Tag Archives: Reviewer Bias

How to Avoid Pek as Reviewer 2

The pattern is now familiar. I received another anonymous review by Reviewer 2 from a z-curve article that repeated Pek’s concerns about the performance of z-curve. To deal with biased reviewers, journals allow authors to mention potentially biased reviewers. I suggest doing so for Pek. I also suggest sharing a manuscript with me to ensure proper interpretation of results and to make it “reviewer-safe.”

To justify the claim that Pek is biased, researchers can use this rebuttal of Pek’s unscientific claims about z-curve.

Reviewer 2 (either Pek or a Pek parrot)

Reviewer Report:

The manuscript “A review and z-curve analysis of research on the palliative association of system justification” (Manuscript ID 1598066) extends the work of Sotola and Credé (2022), who used Z-curve analysis to evaluate the evidential value of findings related to system justification theory (SJT). The present paper similarly reports estimates of publication bias, questionable research practices (QRPs), and replication rates in the SJT literature using Z-curve. Evaluating how scientific evidence accumulates in the published literature is unquestionably important.
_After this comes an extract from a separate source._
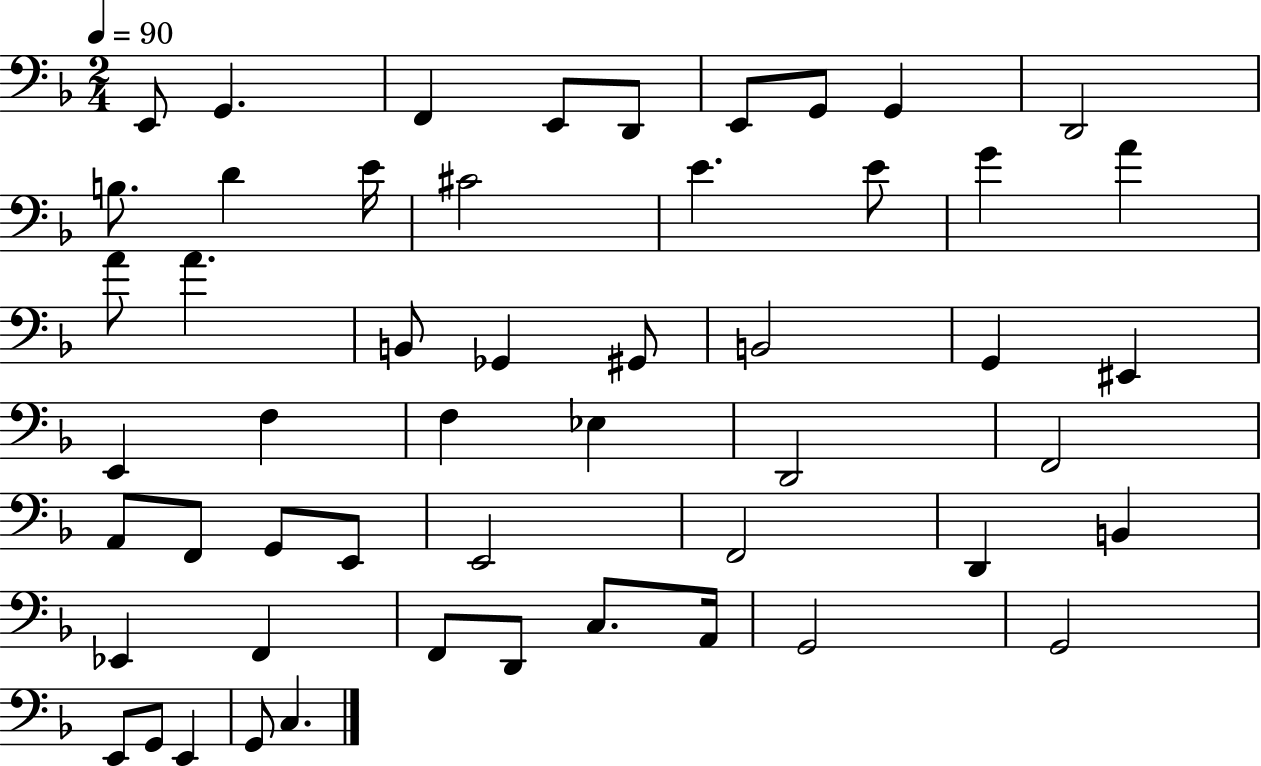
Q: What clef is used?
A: bass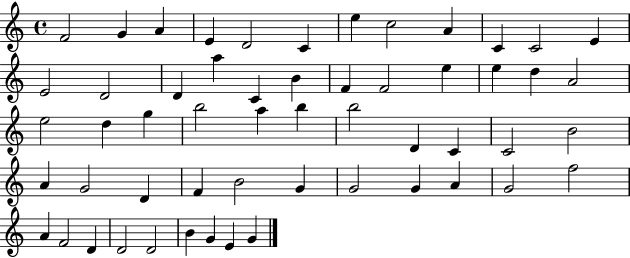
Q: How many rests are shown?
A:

However, there is growing concern about the performance of meta-analytic forensic tools such as p-curve (Simonsohn, Nelson, & Simmons, 2014; see Morey & Davis-Stober, 2025 for a critique) and Z-curve (Brunner & Schimmack, 2020; Bartoš & Schimmack, 2022; see Pek et al., in press for a critique). Independent simulation studies increasingly suggest that these methods may perform poorly under realistic conditions, potentially yielding misleading results.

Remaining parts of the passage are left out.